A conversa toma o rumo das garotas. Elas não ficam mais no bairro. Já têm 14 anos, ficam com outros moleques, todos mais velhos, preferem ir ao centro. A verdadeira preocupação dos que se reúnem na esquina, com idade média de 13 anos, era fazer piadas com Adriano, que era flamenguista, porque o time dele jogava “cu Zico”, além de várias outras infâmias. Todos ali, no entanto, sem exceção, contam histórias de meninas com quem já haviam ficado. Tudo mentira. Daniel é o único que ficou quieto. Somente ele já havia beijado uma menina.

Lá pelas duas da tarde, já com o sol menos assassino, vão jogar bola na rua. Má ideia, pois o sol ainda é inclemente. Aguerridos, suados, jogam a sério, querendo vencer, algo que nunca faziam. Marcão erra a bola e chuta a canela de Daniel, que desaba no chão, gritando exageradamente. Não era pra tanto. Mas já havia uma tensão. Daniel levanta chamando o desafeto de cavalo. Marcão o chama de bichinha. Daniel não deixa por menos.

- Como posso ser, se eu já fiquei com a sua irmã?

Era verdade. Marcão logo intui isto, pois não entendia por que Daniel sempre ficava brincando com os moleques mais novos, de uns dez anos, na porta da sua casa, e ainda assim sempre conversava com sua irmã mais velha.  Num final de tarde, chegando na esquina, viu Daniel saindo de sua casa e ficou intrigado com aquilo. Agora está explicado.

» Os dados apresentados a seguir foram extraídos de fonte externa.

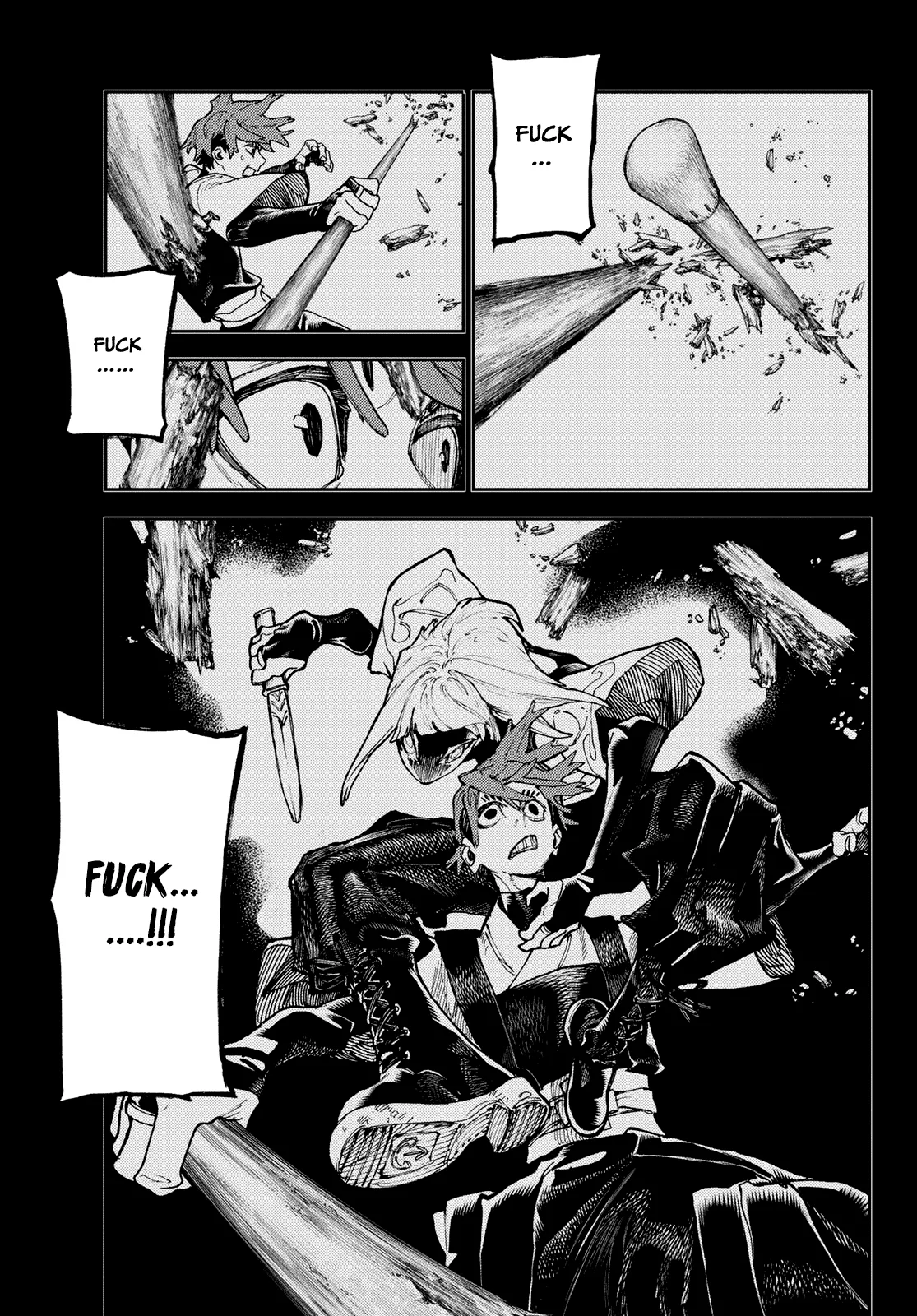 Gachiakuta Chapter 58 page 12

Atracam-se. Esmurram-se na cara sem pena. Não acertam em cheio, sempre pega meio de lado, pois se mexem demais e seguram-se pelas golas das camisas. Forma-se uma rodinha em volta, estimulando-os a saírem mais na pancada ainda. Mal rolam no chão, no entanto, e são separados.

Atônitos, encaram Júnior, que mora em frente e saiu na porta de casa para entender a algazarra. Lutador de kung fu, já maior de idade, grandão, sacana e famoso por meter-se em brigas na escola. Estão suspensos pelas camisas. Júnior ri e o joga-os cada um para um canto. Intimamente, ambos têm certeza que apanharão de Júnior; sabe-se lá o porquê da intervenção.

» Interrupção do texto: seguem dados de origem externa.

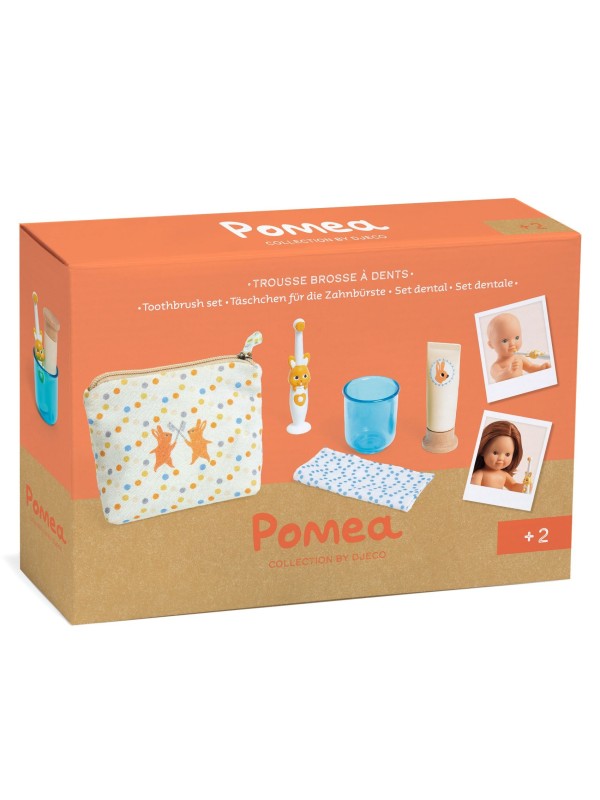 Poméa - Trousse brosse à dents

- Vão embora vocês dois daqui. Vocês não têm idade para sair na porrada não – ordena Júnior, gargalhando.
 
Os olhares curiosos aguçam-se.

Marcão sai sem conseguir conter o choro. Daniel apressa-se a sumir dali, mas não sem antes gritar um “chora mesmo, mariquinha”. Corre e ri. Ao chegar em casa, mete-se logo no banheiro, para a mãe não ver o estado em que está, e toma banho. Os ralados nas pernas e nos braços ardem e as lágrimas confundem-se com a água do chuveiro. Convence-se de que não está chorando.
O nome do conto, embora o conteúdo não fale a respeito, é uma referência ao grupo gótico/pós punk irlandês Virgin Prunes. Na foto, a capa do disco ...If I Die, I Die (1982), aqui reproduzida via licença Creative Commons.